According to the EPC C1 Gen2 standard, the frame length can only be a power of Q to 2, where Q is an integer between 0 and 15 [20], hence EPC C1 Gen2-based DFSA can hold an asymptotically slot efficiency of 0.368 when the value of tag cardinality is same as the frame length (F=n). Therefore, for the purpose of achieving a robust slot efficiency, it is necessary to monitor whether the frame length is appropriate in each identification process. Many state-of-the-arts [17-19] have addressed this issue by improving the accuracy of the estimations at the cost of high computation overhead. It is worth noting that due to the low-cost features of passive RFID systems, these protocols with high computational complexity are not very suitable [17].
2.1 ILCM
The authors in [21] proposed a tag cardinality estimation method namely Improved Linearized Combinational Model (ILCM) which only requires to run some simple mathematical operations. The anti-collision protocol based ILCM is straight and easy to implement. The function of ILCM is to obtain the number of tags need to be identified with a modest calculation by using interpolation methods. The work flow of an anti-collision protocol based on ILCM can be given in Fig. 1. An identification round is initialized by the reader's query command which contains a key parameter Q to specify the length of frame (given as F=2Q). When a full frame is read, the reader estimates the number of remaining tags based on the slot statistics (S corresponds to the number of success slots, E corresponds to the number of idle slots, C corresponds to the number of collision slots). Then, the tag cardinality before this round of identification can be calculated with Eq. (14) in [21]. After estimating the tag number, the reader can perform the reading process iteratively until no collision occurred.

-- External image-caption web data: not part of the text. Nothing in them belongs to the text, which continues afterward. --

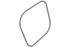 Camshaft Cover Gasket 3679932
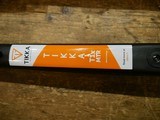 Tikka T1x MTR Rimfire .17HMR Threaded - 16 of 16
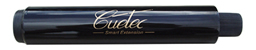 Cuetec Smart Extension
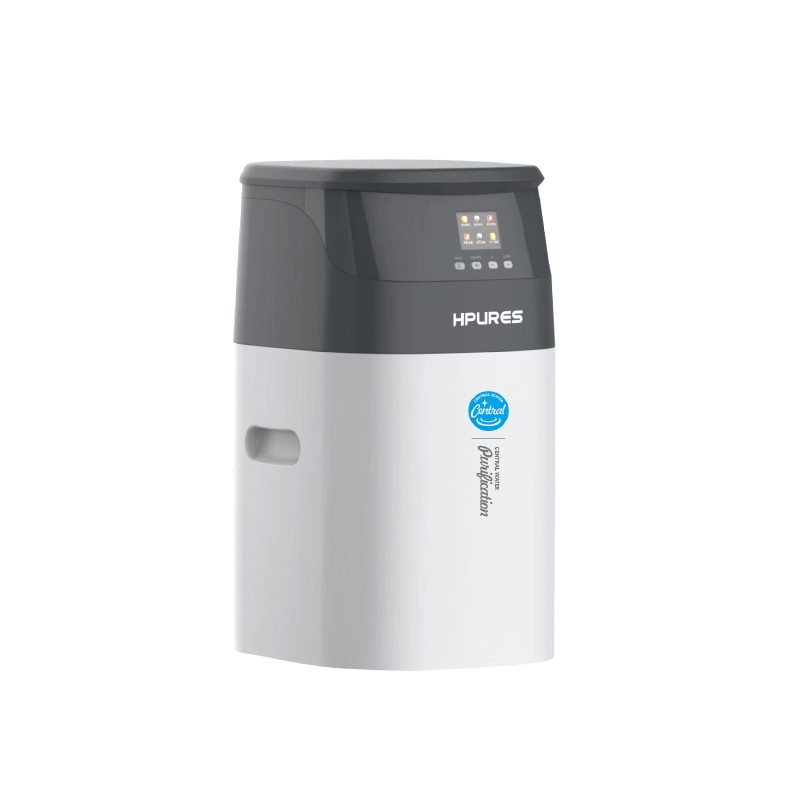 HP-M-U20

Fig. 1. The work flow of ILCM presented in [16]
Compared with those estimation methods with high calculation overhead, ILCM requires only some simple mathematical operations. However, the estimation function of ILCM is derived based on interpolation, so it cannot always maintain robust performance. Once a bit estimation error occurs, the identification performance may be dramatically degraded.
2.2 FEIA
The literature [20] made a conclusion that using an estimation function with high calculation complexity to improve tag identification performance is not a very desirable solution. Through simulation results analysis, the estimation accuracy has little effect on the improvement of identification performance. Then, literature [20] proposed a very simple method namely feasible and easy-to-implement anti-collision algorithm (FEIA) for estimating the tag cardinality, which is based on slot-by-slot status observation, i.e., the reader estimates the remaining tags at every slot of a frame. The work flow of FEIA is plotted in Fig. 2.
Fig. 2. The work flow of FEIA presented in [16]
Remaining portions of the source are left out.